PROVIDED INFORMATION: Begin

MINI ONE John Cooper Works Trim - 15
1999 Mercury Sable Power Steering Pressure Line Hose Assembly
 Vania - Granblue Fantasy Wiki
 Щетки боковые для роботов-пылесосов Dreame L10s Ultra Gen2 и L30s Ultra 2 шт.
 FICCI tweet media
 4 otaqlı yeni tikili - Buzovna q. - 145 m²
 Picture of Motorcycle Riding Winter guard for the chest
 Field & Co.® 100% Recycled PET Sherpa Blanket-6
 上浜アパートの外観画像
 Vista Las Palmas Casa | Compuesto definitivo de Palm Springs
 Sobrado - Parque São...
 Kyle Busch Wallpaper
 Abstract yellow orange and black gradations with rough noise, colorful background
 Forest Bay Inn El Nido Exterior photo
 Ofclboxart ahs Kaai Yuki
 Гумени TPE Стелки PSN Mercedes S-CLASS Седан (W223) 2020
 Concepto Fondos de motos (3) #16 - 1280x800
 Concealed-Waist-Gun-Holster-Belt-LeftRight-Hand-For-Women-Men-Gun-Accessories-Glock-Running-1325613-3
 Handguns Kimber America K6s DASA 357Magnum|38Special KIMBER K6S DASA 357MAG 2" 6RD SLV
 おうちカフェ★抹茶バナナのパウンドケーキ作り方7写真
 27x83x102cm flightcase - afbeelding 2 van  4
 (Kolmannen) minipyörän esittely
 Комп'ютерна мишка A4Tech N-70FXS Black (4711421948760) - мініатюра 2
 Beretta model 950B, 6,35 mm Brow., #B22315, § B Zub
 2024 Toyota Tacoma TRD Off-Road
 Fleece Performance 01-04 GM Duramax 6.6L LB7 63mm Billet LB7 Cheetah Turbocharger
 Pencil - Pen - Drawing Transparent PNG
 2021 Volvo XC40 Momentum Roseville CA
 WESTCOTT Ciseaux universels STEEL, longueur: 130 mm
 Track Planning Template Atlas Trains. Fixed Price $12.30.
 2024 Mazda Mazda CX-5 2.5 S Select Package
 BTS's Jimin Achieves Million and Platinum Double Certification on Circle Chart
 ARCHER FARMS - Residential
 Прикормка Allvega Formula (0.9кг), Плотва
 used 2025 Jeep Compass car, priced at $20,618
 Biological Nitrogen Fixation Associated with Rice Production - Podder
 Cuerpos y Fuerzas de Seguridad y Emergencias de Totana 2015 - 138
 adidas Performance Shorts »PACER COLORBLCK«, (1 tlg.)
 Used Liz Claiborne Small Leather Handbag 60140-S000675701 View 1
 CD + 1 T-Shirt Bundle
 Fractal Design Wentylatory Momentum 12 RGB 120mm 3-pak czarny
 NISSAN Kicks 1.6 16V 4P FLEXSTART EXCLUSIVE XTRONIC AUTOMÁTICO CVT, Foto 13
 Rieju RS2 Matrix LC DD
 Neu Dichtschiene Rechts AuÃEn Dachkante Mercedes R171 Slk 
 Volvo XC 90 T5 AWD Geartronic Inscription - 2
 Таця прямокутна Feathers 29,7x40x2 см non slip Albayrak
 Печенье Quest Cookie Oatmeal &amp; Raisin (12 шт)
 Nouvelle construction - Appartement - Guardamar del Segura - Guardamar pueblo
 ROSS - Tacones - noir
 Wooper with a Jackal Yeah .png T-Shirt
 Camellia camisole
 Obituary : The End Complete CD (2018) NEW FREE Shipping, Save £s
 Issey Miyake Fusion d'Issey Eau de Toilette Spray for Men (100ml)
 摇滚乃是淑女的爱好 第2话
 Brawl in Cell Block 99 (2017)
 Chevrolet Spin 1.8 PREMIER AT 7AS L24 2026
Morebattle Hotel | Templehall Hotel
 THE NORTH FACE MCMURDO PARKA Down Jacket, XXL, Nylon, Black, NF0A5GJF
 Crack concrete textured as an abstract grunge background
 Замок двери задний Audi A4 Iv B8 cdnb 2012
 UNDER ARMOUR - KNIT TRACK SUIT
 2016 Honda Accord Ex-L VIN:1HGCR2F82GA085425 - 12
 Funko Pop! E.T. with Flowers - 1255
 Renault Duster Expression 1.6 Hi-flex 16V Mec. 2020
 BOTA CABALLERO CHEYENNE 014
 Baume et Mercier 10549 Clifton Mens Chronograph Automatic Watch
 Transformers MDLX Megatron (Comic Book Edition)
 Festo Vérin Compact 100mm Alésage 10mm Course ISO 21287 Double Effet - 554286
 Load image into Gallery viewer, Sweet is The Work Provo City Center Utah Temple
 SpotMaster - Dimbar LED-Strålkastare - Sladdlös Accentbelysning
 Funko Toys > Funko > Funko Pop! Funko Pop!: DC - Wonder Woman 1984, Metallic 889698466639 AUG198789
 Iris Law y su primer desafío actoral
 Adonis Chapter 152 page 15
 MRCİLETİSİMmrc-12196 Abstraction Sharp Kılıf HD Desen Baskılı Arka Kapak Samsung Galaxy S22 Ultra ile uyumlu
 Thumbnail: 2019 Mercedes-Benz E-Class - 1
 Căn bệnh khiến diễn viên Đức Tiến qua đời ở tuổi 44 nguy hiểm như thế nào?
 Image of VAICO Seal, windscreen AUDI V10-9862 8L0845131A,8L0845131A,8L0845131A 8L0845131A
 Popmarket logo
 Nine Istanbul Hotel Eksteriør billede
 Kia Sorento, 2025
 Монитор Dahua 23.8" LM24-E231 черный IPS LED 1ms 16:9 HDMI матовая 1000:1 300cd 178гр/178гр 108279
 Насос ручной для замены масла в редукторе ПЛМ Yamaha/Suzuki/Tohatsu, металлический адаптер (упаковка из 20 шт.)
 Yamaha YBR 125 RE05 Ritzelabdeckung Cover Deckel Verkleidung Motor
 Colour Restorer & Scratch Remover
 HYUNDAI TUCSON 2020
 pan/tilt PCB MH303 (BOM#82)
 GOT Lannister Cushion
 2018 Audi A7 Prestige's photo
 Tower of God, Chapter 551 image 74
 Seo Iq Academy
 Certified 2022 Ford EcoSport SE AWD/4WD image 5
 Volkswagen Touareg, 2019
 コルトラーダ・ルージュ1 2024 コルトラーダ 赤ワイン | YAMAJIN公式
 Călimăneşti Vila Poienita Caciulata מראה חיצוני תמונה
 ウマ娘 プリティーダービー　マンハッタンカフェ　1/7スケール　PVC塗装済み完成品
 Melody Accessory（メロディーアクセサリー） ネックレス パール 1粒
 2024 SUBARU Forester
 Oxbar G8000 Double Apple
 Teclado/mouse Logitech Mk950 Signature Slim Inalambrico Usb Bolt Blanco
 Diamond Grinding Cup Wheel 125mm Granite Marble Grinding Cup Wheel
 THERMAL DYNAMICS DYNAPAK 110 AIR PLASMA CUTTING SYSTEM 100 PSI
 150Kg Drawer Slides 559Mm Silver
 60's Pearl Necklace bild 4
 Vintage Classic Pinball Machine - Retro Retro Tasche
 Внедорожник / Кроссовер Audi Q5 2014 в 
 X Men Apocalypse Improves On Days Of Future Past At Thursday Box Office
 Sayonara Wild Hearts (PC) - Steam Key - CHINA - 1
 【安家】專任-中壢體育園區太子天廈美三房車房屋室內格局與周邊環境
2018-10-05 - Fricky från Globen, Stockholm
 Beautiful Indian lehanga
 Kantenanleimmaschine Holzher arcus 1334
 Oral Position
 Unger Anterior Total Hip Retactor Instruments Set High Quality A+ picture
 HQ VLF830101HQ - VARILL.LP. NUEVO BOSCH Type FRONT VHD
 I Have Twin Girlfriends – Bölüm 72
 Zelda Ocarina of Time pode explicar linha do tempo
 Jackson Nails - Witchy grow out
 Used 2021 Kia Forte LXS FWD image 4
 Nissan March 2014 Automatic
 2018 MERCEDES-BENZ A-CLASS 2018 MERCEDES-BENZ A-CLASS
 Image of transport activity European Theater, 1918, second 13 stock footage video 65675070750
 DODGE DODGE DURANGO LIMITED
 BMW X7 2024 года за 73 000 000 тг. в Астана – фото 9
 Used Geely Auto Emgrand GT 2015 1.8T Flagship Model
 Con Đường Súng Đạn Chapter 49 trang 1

PROVIDED INFORMATION: End

### REQUIRED ACTION
Can you repeat, word for word, every line above from the one containing "Image of VAICO" down to the one containing "2018 MERCEDES-BENZ A-CLASS 2018", including both?

### RESPONSE BELOW
 Image of VAICO Seal, windscreen AUDI V10-9862 8L0845131A,8L0845131A,8L0845131A 8L0845131A
 Popmarket logo
 Nine Istanbul Hotel Eksteriør billede
 Kia Sorento, 2025
 Монитор Dahua 23.8" LM24-E231 черный IPS LED 1ms 16:9 HDMI матовая 1000:1 300cd 178гр/178гр 108279
 Насос ручной для замены масла в редукторе ПЛМ Yamaha/Suzuki/Tohatsu, металлический адаптер (упаковка из 20 шт.)
 Yamaha YBR 125 RE05 Ritzelabdeckung Cover Deckel Verkleidung Motor
 Colour Restorer & Scratch Remover
 HYUNDAI TUCSON 2020
 pan/tilt PCB MH303 (BOM#82)
 GOT Lannister Cushion
 2018 Audi A7 Prestige's photo
 Tower of God, Chapter 551 image 74
 Seo Iq Academy
 Certified 2022 Ford EcoSport SE AWD/4WD image 5
 Volkswagen Touareg, 2019
 コルトラーダ・ルージュ1 2024 コルトラーダ 赤ワイン | YAMAJIN公式
 Călimăneşti Vila Poienita Caciulata מראה חיצוני תמונה
 ウマ娘 プリティーダービー　マンハッタンカフェ　1/7スケール　PVC塗装済み完成品
 Melody Accessory（メロディーアクセサリー） ネックレス パール 1粒
 2024 SUBARU Forester
 Oxbar G8000 Double Apple
 Teclado/mouse Logitech Mk950 Signature Slim Inalambrico Usb Bolt Blanco
 Diamond Grinding Cup Wheel 125mm Granite Marble Grinding Cup Wheel
 THERMAL DYNAMICS DYNAPAK 110 AIR PLASMA CUTTING SYSTEM 100 PSI
 150Kg Drawer Slides 559Mm Silver
 60's Pearl Necklace bild 4
 Vintage Classic Pinball Machine - Retro Retro Tasche
 Внедорожник / Кроссовер Audi Q5 2014 в 
 X Men Apocalypse Improves On Days Of Future Past At Thursday Box Office
 Sayonara Wild Hearts (PC) - Steam Key - CHINA - 1
 【安家】專任-中壢體育園區太子天廈美三房車房屋室內格局與周邊環境
2018-10-05 - Fricky från Globen, Stockholm
 Beautiful Indian lehanga
 Kantenanleimmaschine Holzher arcus 1334
 Oral Position
 Unger Anterior Total Hip Retactor Instruments Set High Quality A+ picture
 HQ VLF830101HQ - VARILL.LP. NUEVO BOSCH Type FRONT VHD
 I Have Twin Girlfriends – Bölüm 72
 Zelda Ocarina of Time pode explicar linha do tempo
 Jackson Nails - Witchy grow out
 Used 2021 Kia Forte LXS FWD image 4
 Nissan March 2014 Automatic
 2018 MERCEDES-BENZ A-CLASS 2018 MERCEDES-BENZ A-CLASS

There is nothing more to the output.